山菜採りの少年 食べていくために山菜採りに出かけます。でも、もう他の人が採りつくしていて山菜もありませんでした。  ミング(絵)キルスの従兄弟
山菜採りの少年
食べていくために山菜採りに出かけます。でも、もう他の人が採りつくしていて山菜もありませんでした。  ミング(絵)キルスの従兄弟

 

チョン・ソンミ (キルスの母)
栄養失調で体が弱くなった私は、山に行けなくなり、子どもたちが採って来たトラジ(桔梗)をきれいに洗って、ジャンマダン(闇市場)で売って生きのびた。
ある日、二番目の子どもが、トラジ採りから夜遅くになって帰ってきた。たった一つかみにしかならないトラジを見たとたん、私はかっとなって子どもをひどく叩いてしまった。
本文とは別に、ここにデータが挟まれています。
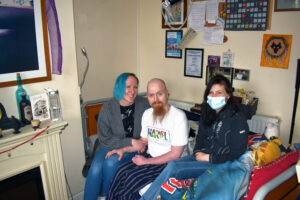 Tim with his support team at home during his complex care journey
「いったい全体何なの。どこで遊んできたの。みんなが死んでもいいの?」
「お母さん、一日中山を歩いたんだけど、もうトラジは見つからないの」
子どもは、わんわん泣きながらわけを話した。泣けば泣くほど、私は狂ったようにその子を叩いた。

次の日の朝、私はフラフラした体を引きずって、リュックとくわを背負い、二番目の子どもについて山に向かった。
ところが、思い通りにはいかない。山の中腹まで来ると足が言うことを聞かなくなり、息が切れてほとんど進めなくなってしまった。山と空がくっつきグルグルと回っているようだった。

頭がクラクラしながらも、花びらが風で揺れている姿を見つけた。
「あ、桔梗だ」
私は子どものように歓声をあげて走り寄った。